= National Museum of Taiwan Literature mascot plagiarism controversy =

20232024 controversy

From 2023 to 2024, the National Museum of Taiwan Literature (NMTL) was involved in a plagiarism controversy involving its mascot.

== Incident ==
In mid-December 2023, the NMTL introduced a chibi-style dragon mascot named "A-Long" to celebrate the Year of the Dragon and promote its "Journey to the Stars: Exploring the Literary Star Map" interactive puzzle game. The design was soon accused of plagiarizing "AoWu Dragon Baby", an original character created in 2022 by Chinese illustrator Tongnian Nora. In response, the museum stated that "A-Long" had been commissioned from a Taiwanese illustrator and had actually been created in 2019. It provided screenshots from Instagram as evidence and instead accused Nora of plagiarism. Major Taiwanese news outlets largely supported the museum's position at the time.

On 11 May 2024, the creator of "AoWu Dragon Baby", using the account "嗷呜龙宝_AoWu" on Weibo, presented additional evidence, including concept sketches, drafts, videos, and layered files dating from 2022. The creator also questioned the authenticity of the museum's Instagram screenshots, pointing out numerous inconsistencies and noting that the Instagram account shown in the screenshots could not be found.

On 14 May, the artist, using the online name Nora Qu, posted a detailed account of the controversy to the Taiwanese Facebook group "Empty Can Sketch Club", providing creative records and files while highlighting flaws in the museum's Instagram evidence.
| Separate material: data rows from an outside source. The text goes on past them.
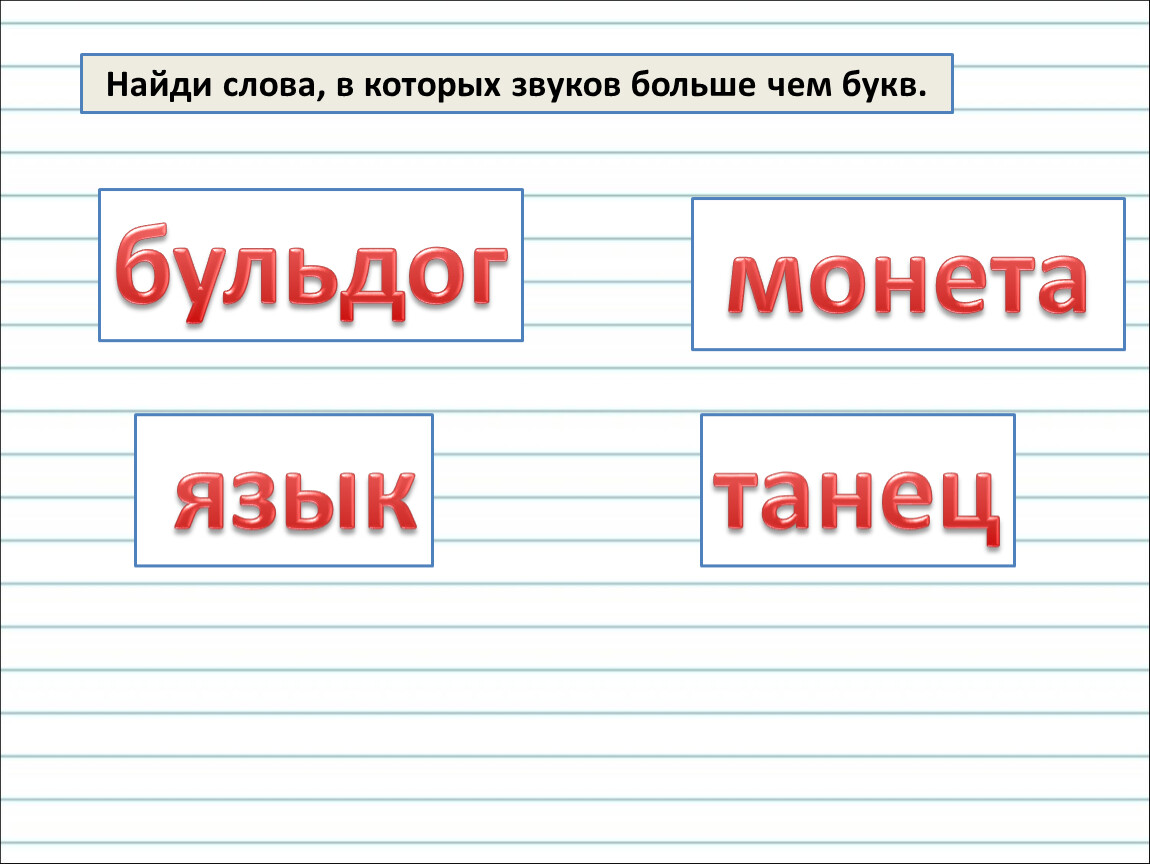 Готовый рисунок убрал в портфель в каком слове букв больше чем звуков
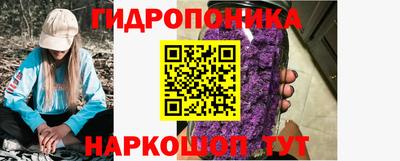 spice Первоуральск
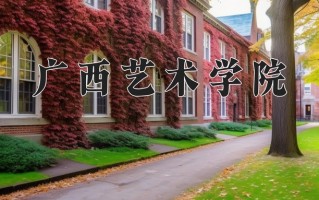 2025年广西艺术学院在新疆计划招生人数（附学费及专业录取分)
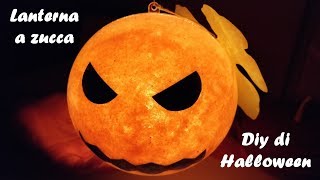 Diy di Halloween3 lanternezucche di Halloween fai da te [upl. by Furey]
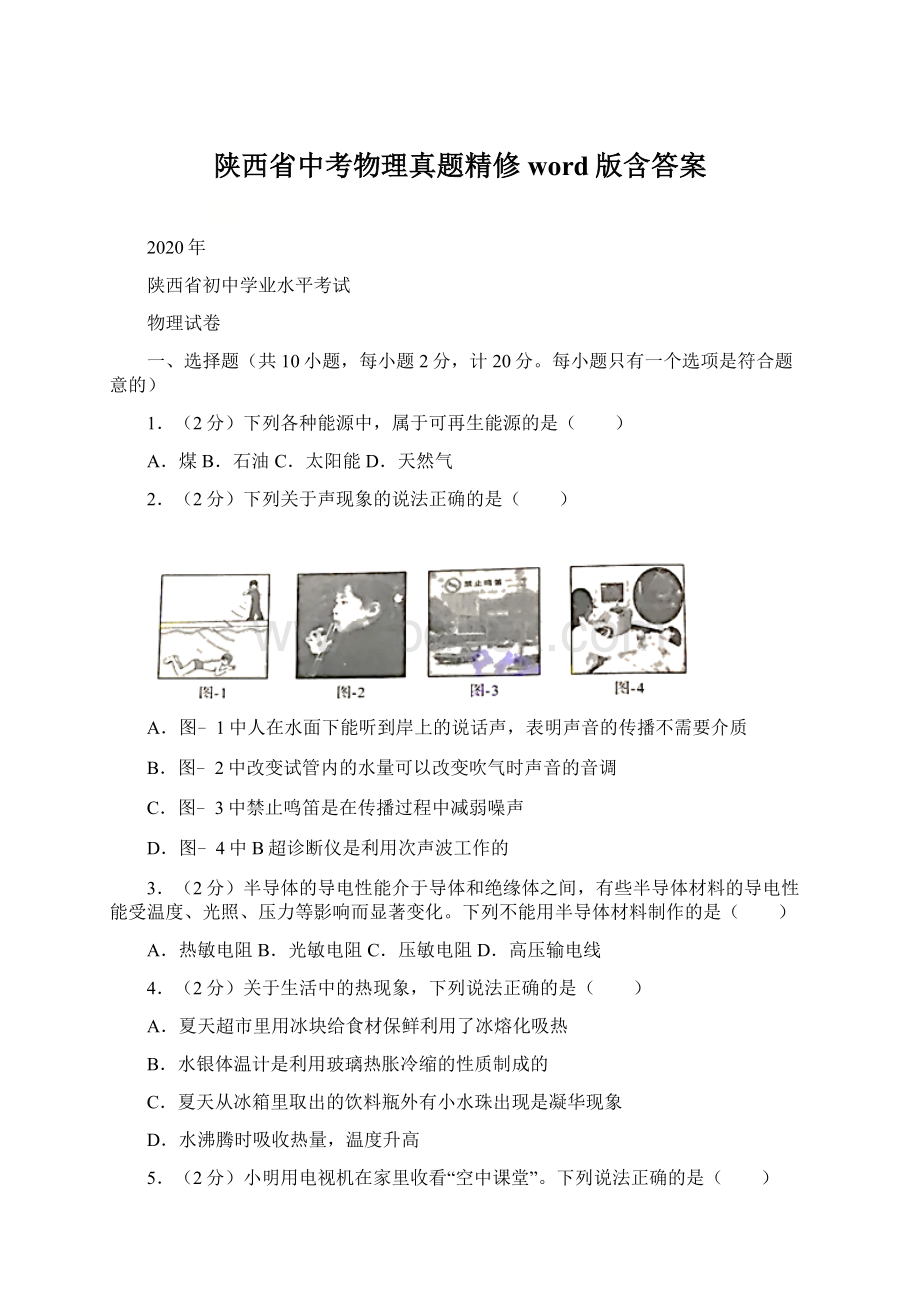 陕西省中考物理真题精修word版含答案.docx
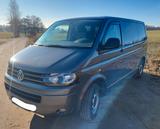 Volkswagen T5 Multivan 140PS, DSG, 7Sitze, AHK  - Volkswagen T5 Multivan: Sitze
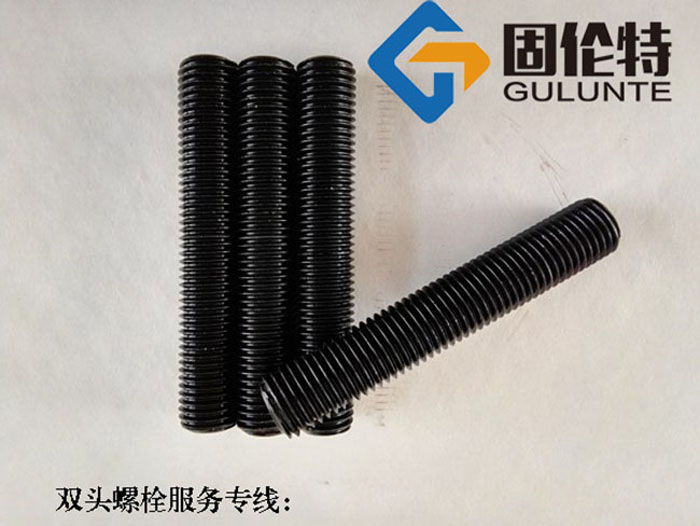 永年雙頭螺栓廠家直銷批發(fā)報(bào)價(jià)價(jià)格,hg20613雙頭螺栓國標(biāo)型號(hào)規(guī)格尺寸表大全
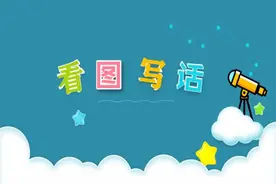 一年级专题学习：看图写话-学习指导视频视频封面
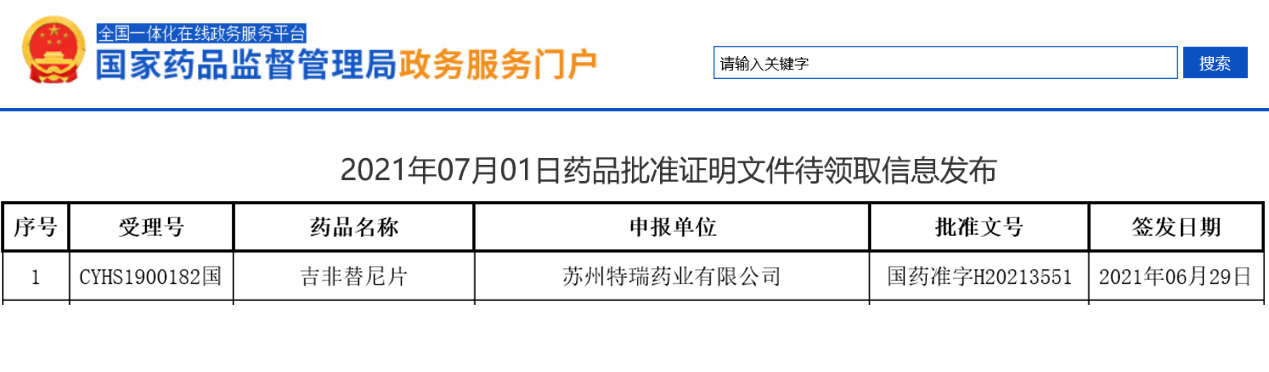 1625791687266013.png 1.png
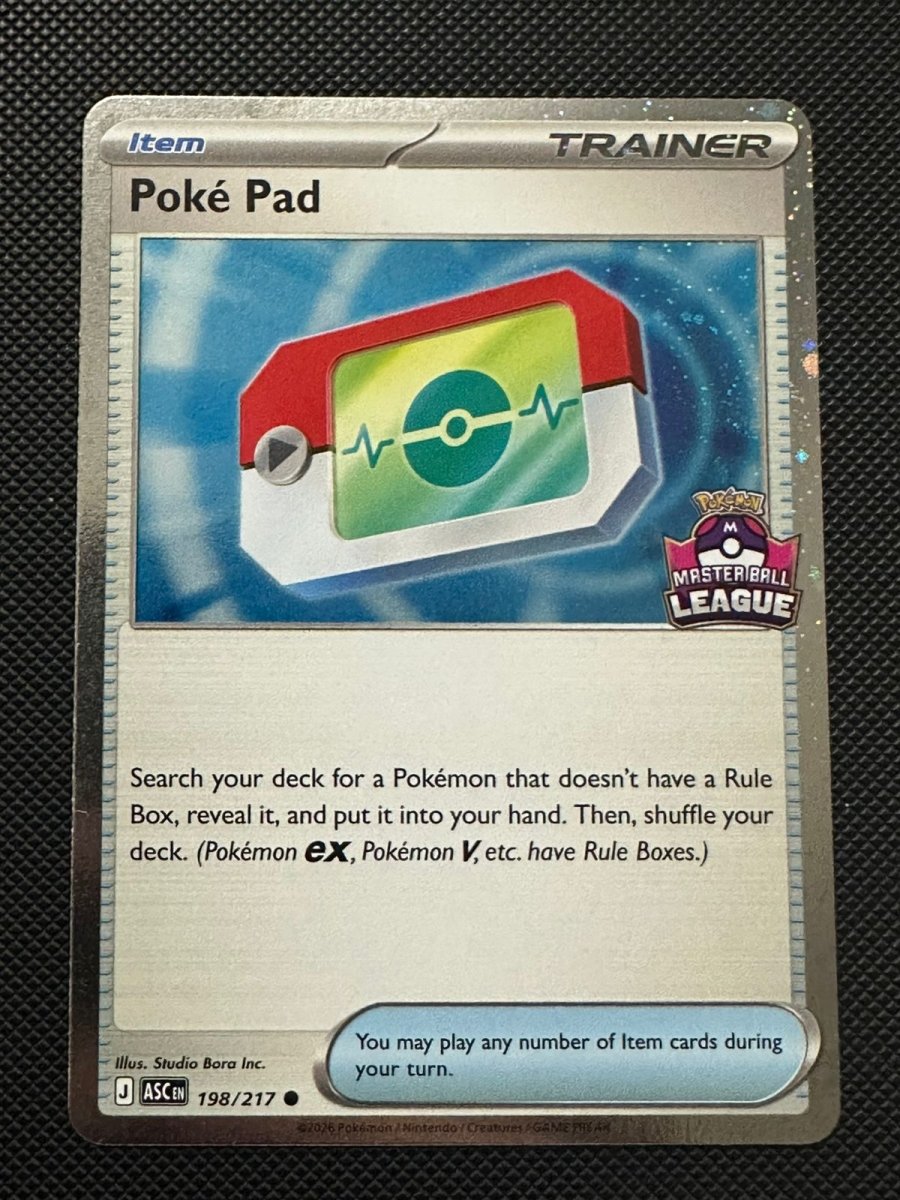 Pokemon TCG Poke Pad Master Ball League Participation Promo ASC 198/217 by Marnie’s TCG on MYNTED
Nora stated that if the museum could provide conclusive proof that she had committed plagiarism, she would permanently abandon drawing and leave the illustration community.

On 15 May, the museum announced that, after comparing relevant materials provided by its contractor, it had concluded that no plagiarism had occurred and declined to comment on the Chinese illustrator's claims. Late that night, Huang Sheng-hung, founder of the museum's contractor Bon World Digital Creative, posted on his personal Facebook page claiming to possess evidence proving that the design had originally been created in 2019. He denounced online accusations of plagiarism as politically motivated attacks and stated that he was trying to protect a colleague in their twenties who had only recently graduated. Huang further described the works of Bon World Digital Creative and "AoWu Dragon Baby" as examples of "parallel creation". The post was later deleted.

On 16 May, the NMTL issued an apology on Facebook, acknowledging that the images related to "A-Long" were not original creations of Bon World Digital Creative and admitting that the Instagram screenshots provided as evidence had been fabricated.

On 17 May, the museum told reporters from the Central News Agency that, although it considered itself the biggest victim in the controversy, it nevertheless needed to review and improve its own administrative procedures. Museum officials admitted that they had placed excessive trust in materials supplied by the contractor and had been unable to verify their authenticity using relevant information technology in a short period of time. The museum stated that it would clarify administrative responsibility and impose disciplinary measures where appropriate.

On the same day, the original creator issued a statement on the Facebook fan page "嗷呜龙宝_AoWu", thanking supporters, friends, and internet users, and announcing that the matter would be resolved through legal channels with the assistance of an international law firm.

On 18 May, the museum issued another formal apology and recalled the infringing merchandise.

In August 2025, Tongnian Nora filed a lawsuit against Bon World Digital Creative. The case was initially dismissed through a non-prosecution decision, but the Intellectual Property Unit of the Taiwan High Prosecutors Office ordered further investigation.